DIRECTIONS FOR THIS TASK>
Write each entry out again verbatim, pictures excluded.

SOURCE INFORMATION>
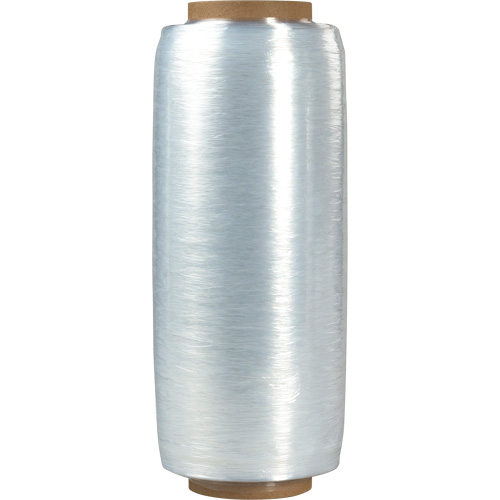EcoSupreme Pre-Stretch Hand Film, Blown, 33 Gauge (8.4 micrometers), 12-1/2" x 1476' Ontario Safety Products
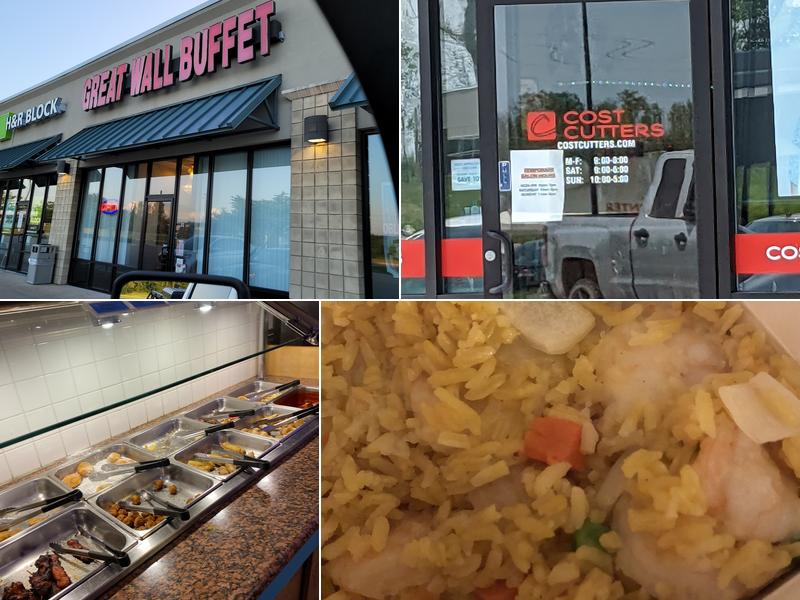 Great Wall II 1717 IN-57, Washington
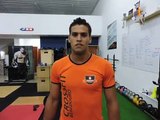 Workout # 3 Brazil ThrowDown - Atleta Wellington Matheus  CrossFit Bebedouro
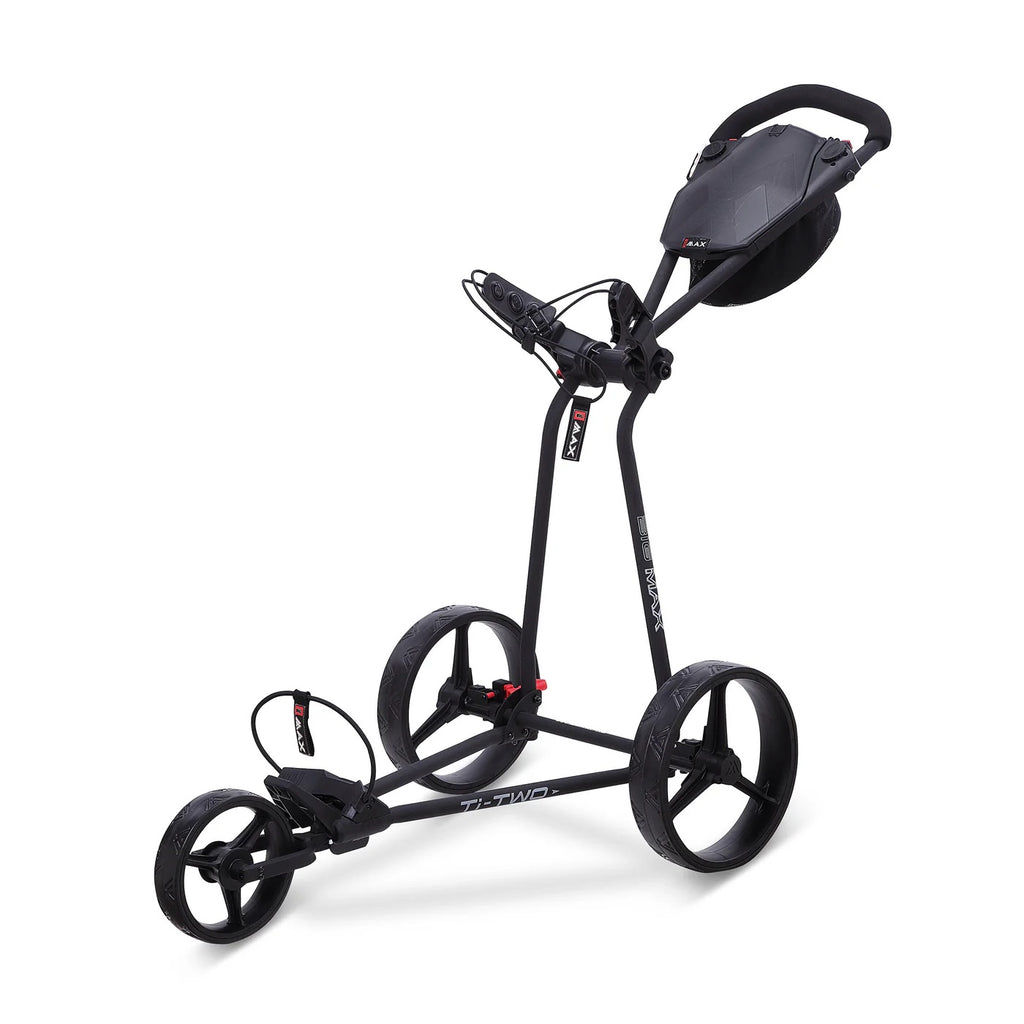 Ti TwoTrolley Black
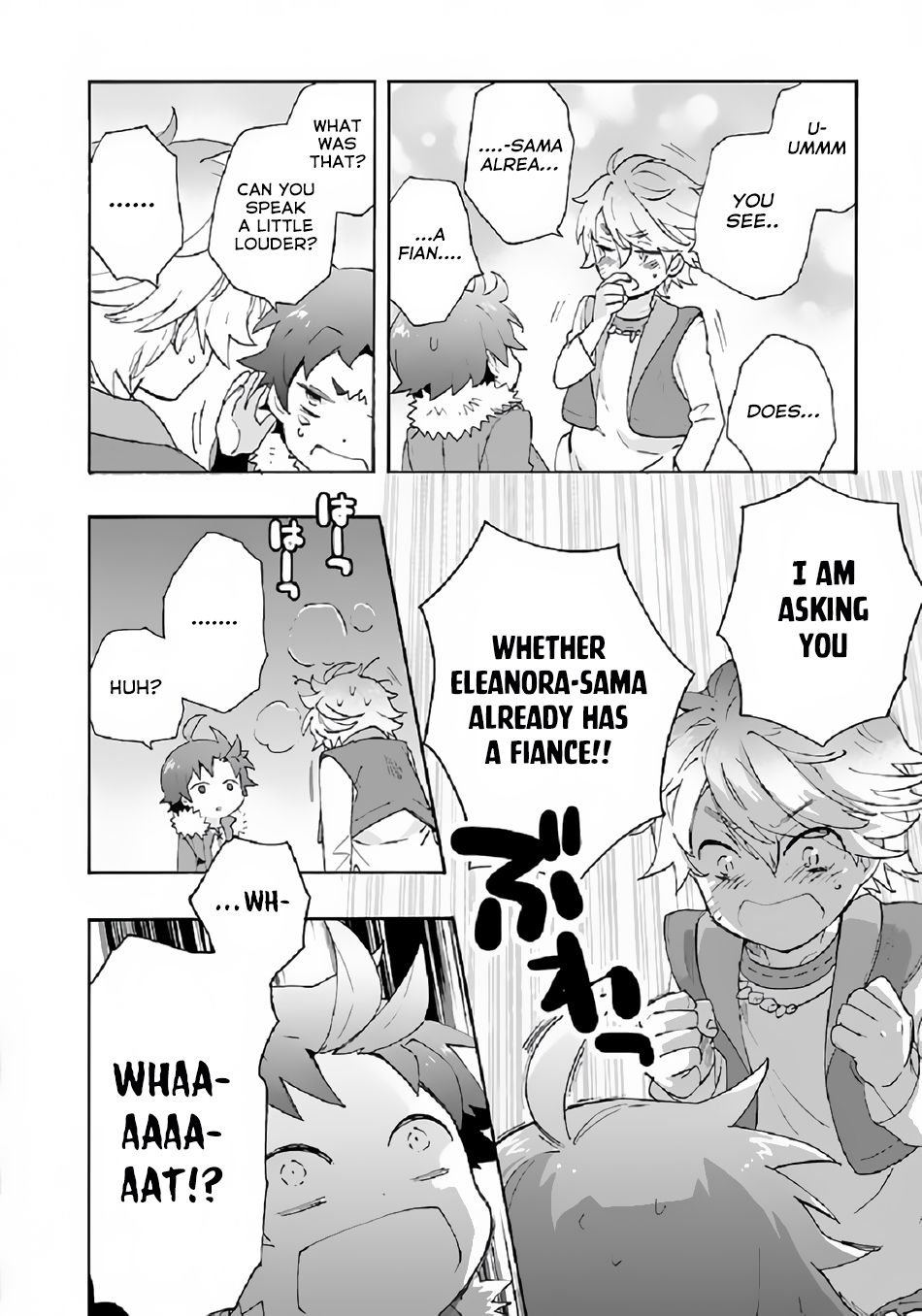 Tensei Shite Inaka de slowlife wo Okuritai Chapter 30 - Page 21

RESPONSE>
EcoSupreme Pre-Stretch Hand Film, Blown, 33 Gauge (8.4 micrometers), 12-1/2" x 1476' Ontario Safety Products
 Great Wall II 1717 IN-57, Washington
 Workout # 3 Brazil ThrowDown - Atleta Wellington Matheus  CrossFit Bebedouro
 Ti TwoTrolley Black
 Tensei Shite Inaka de slowlife wo Okuritai Chapter 30 - Page 21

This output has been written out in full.